In Memorium of My Past Self
A lot can change in a year.
I’ve gone from steadily employed at one of the world’s biggest sporting organizations to a one-man business with little more than a logo and average website (I swear I’ll get to it soon).
Once perpetually single, I’m immersed in a more-than-serious dating relationship with a girl who still seems too good to be true.
In my past life, inspiration and desire to write was plentiful, restricted only by my (irrational) internal obligation to focus on my job instead of my own thoughts. Now I find myself at my computer with time to spare for the umpteenth time in months, struggling to recall those burning thoughts, experiences, and topics I was once so desperate to share.
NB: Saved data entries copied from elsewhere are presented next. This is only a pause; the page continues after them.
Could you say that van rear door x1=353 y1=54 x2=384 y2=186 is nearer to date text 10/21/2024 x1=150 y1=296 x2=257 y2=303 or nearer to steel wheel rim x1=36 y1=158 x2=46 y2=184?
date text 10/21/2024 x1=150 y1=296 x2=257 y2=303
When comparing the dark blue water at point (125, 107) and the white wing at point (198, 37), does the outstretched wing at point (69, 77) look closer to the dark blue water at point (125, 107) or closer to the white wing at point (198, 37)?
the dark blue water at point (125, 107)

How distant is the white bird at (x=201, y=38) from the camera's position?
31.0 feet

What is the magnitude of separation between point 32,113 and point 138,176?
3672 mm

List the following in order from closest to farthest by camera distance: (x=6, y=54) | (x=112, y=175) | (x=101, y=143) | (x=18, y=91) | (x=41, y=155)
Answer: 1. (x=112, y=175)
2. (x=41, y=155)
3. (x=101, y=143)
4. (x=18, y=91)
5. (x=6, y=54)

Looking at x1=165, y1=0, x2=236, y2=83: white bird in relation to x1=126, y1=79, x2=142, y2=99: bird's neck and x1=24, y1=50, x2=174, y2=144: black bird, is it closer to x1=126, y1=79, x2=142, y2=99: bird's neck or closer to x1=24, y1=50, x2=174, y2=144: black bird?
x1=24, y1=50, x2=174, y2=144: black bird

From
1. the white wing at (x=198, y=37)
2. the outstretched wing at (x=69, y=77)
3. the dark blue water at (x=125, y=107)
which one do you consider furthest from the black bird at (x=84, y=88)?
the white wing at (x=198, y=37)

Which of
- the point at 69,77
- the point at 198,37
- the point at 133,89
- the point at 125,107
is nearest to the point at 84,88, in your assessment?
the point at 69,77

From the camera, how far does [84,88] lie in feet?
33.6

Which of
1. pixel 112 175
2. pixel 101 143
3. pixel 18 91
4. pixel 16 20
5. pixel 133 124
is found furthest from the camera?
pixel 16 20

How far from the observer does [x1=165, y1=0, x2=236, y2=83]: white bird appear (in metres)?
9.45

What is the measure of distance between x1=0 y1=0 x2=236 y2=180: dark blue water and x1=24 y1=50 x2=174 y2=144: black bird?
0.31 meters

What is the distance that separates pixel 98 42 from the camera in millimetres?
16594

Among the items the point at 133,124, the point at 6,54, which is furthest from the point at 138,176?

The Lord spoke to me last year. He told me to write. To share my story.
Boy, have I been unfaithful to that.
Reflecting on that urge, I sat to write this morning. Perhaps I could rekindle what once was. This just might be the one that sparks multitudes to come.
As I opened my computer, an old friend inquired about samples of past work to help them in a new job. A quick excursion through my unkempt Dropbox archives evolved into a long journey scouring tombstones of projects that once consumed me. Decks up on decks, Excel documents, content plans, boastful recaps, rate cards, and more. With each peek, an old memory resurfaced, some bringing joy and others pain.
The 2013 NFL Draft is a particularly fond memory. Though the players’ success is debatable (okay, underwhelming, save for that one game), working for the St. Louis Rams for that week was life-giving. Desperate for a playmaker, our front office traded up to nab Tavon Austin, the draft’s most exciting player, with the 8th overall pick.
Per my recap, I tweeted 125 times that night. I also did this:
What a day. What a far departure from my new self.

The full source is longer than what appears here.